YOUR ASSIGNMENT >>
Find out how many lines of the material contain the string "background" and give only that figure.

GIVEN RECORDS >>
--

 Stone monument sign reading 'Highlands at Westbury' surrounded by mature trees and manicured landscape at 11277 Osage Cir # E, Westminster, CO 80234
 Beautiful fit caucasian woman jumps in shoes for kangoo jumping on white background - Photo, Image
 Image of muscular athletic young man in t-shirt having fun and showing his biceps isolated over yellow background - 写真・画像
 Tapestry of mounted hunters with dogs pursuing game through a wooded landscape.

--

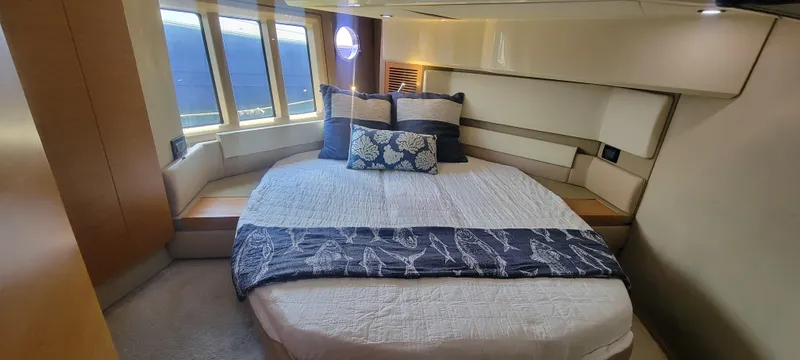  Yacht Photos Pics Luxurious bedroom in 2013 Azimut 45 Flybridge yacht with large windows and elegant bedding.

--

OUTPUT OF THE EXERCISE >>
2